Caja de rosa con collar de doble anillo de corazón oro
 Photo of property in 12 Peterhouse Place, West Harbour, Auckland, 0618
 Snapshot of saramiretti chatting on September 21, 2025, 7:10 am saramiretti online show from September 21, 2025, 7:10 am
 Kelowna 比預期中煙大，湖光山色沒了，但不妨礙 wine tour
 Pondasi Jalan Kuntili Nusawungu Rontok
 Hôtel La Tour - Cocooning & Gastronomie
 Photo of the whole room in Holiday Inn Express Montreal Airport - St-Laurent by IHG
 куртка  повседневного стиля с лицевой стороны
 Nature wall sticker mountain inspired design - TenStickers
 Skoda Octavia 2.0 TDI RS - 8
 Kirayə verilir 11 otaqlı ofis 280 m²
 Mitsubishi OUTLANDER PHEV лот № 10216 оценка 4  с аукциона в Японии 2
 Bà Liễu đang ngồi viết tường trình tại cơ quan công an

□ □ □

** WHAT THE TASK ASKS **
Each line that includes "Photo" counts once; state how many such lines the listing has, with no other words.

** TASK ANSWER **
2